SUSY events tight classification using restrictive cuts (left), and SUSY events tight classification using the XGBoost algorithm (right)

9.5 Discussion

From BSM particles to delving into supersymmetry, we have explored the performance of the XGBoost machine learning algorithm across a wide range of cutting-edge classification problems in particle physics.

Our results revealed significant variations in the performance of the XGBoost algorithm across our tested range of particle physics classification problems. In some areas, such as the Higgs boson classification, the XGBoost gave perfect or near-perfect prediction results. However, in other cases, it was clear that the XGBoost displayed excessive rigidity, leading substantial portions of the signal data to be excluded and dismissed as background data, resulting in lacklustre distributions, as seen in our exploration of SUSY.

The XGBoost is a supervised learning algorithm, and so relies on labelled datasets. Therefore, the algorithm works best in classifications where the selection criteria are well defined, as it allows accurately labelled training datasets to be generated. In these cases, researchers may not feel the full benefit of the XGBoost, as the algorithm will only ever (at best) replicate a prior cut-based analysis. However, this is an issue that we hope to address in our future work by exploring the potential of deep learning models to identify the optimal selection criteria for particle decay classifications which have very few selection criteria identified so far.

10 Conclusion

In this article, a variety of original research projects performed by UK secondary school students using the ATLAS Open Data and the repository of training resources developed by the authors have been presented. Such student research output shows that secondary school students are capable of meaningfully engaging with public releases of LHC data, presupposing no prior knowledge or experience. With sufficient time, training and support, it has been demonstrated that it is possible for high school students to interact with the data presented in the same format and using the same analysis techniques as physics researchers. Additionally, it has been shown that, with correctly structured training, students can produce entirely original works of research, and often independently arrive at questions and ideas that exist at the cutting-edge of particle physics research.

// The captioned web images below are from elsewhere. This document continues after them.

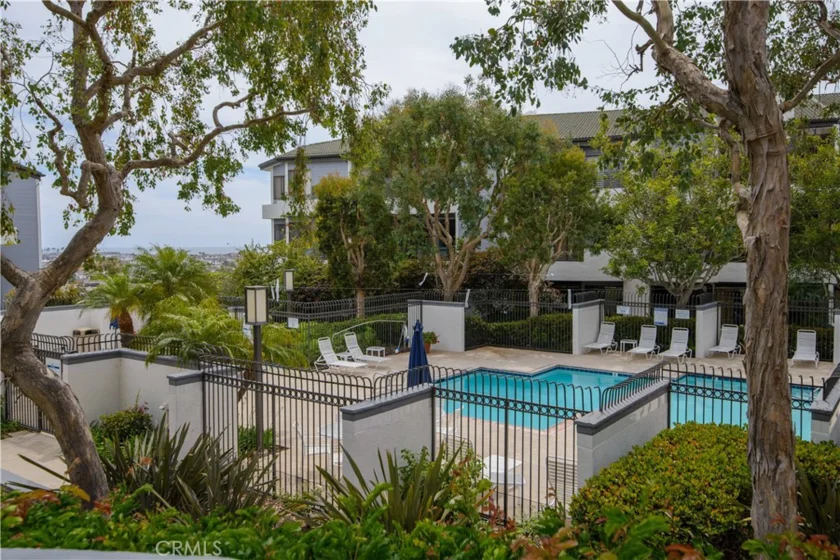 280 Cagney Lane #207 photo 36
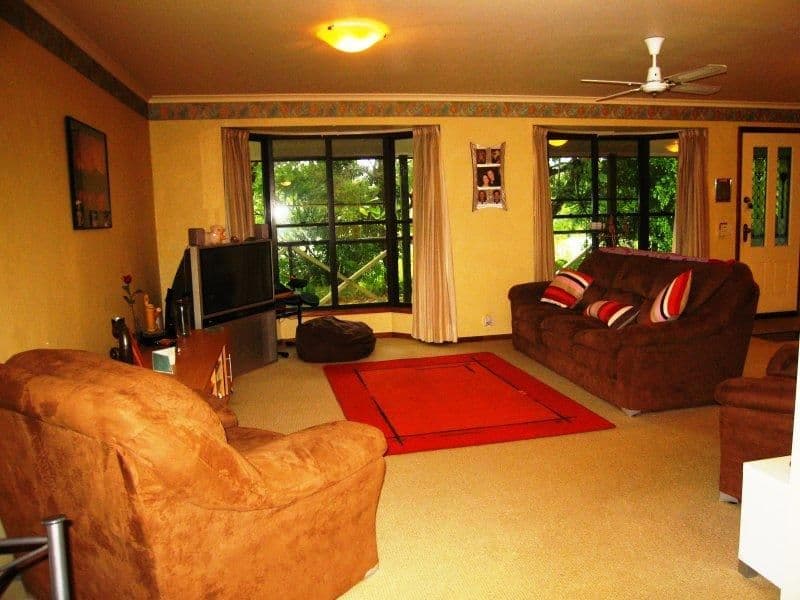 10 Cooloola Court, EVERTON HILLS QLD 4053, Everton Hills - Thumbnail 2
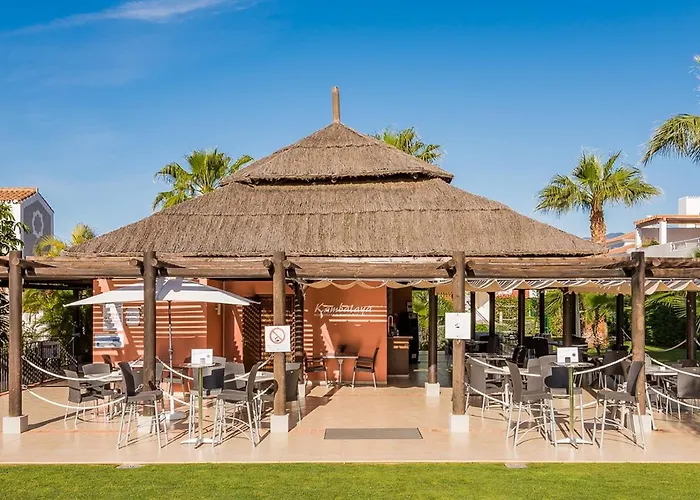 2 Bed Ground Floor In Estepona, Malaga Appartamento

Key to such successes is the structure of the training materials; they must presuppose no prior knowledge and present new information in a step-wise manner (preferably in a variety of formats), coding examples should be thoroughly commented with interleaved exercises to consolidate learning, hints and solutions should be available throughout to prevent frustration due to students becoming ’stuck’. Crucially, off-ramps from the training should be provided at each level, so individual teachers can tailor the project to the particular group of students, and the time and resources available. In conclusion, the student research presented in this article makes a strong case for the value of the public release of LHC data, and for the ongoing support for the ATLAS Open Data project.